With thanks to; Temple Bar Gallery + Studios, Padraig Cunningham, Emma Conway, Jenny Sherwin, Julie Kelleher, Gerlanda Maniglia, Dennis McNulty, Astrid Newman, Claire Walsh, Dan Reidy, Lana May Fleming, Lauren Conway, Vera Ryklova.
Kindly supported by an Arts Council of Ireland Project Award, Wicklow County Council and Mermaid Arts Centre.
Slipped, Fell and Smacked my Face off the Dance Floor
This live site-specific performance took place on 10th, 11th, 17th, 18th June 2022. A 20 minute performance on a loop between 1-4pm each day.

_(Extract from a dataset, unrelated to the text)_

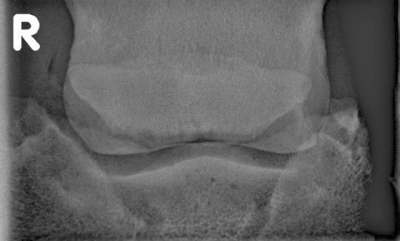 Oxspring Rntgenaufnahme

Naylor’s Cove, Bray, Co. Wicklow.
Lisa Freeman’s new scripted performance work features actors, a saxophone player and a significant location: the once-busy sea bathing pool at Naylor’s Cove, Bray.
Drawing on the town’s history as a site of leisure and respite, this work positions the human body in this now-defunct site of relaxation. The actors create intimate moments of dialogue in this public space, where the script touches on ideas of therapeutic infrastructures, tourism and the body as an archive. These moments are woven through this site of failed architecture, set to a live musical score performed by a saxophone player.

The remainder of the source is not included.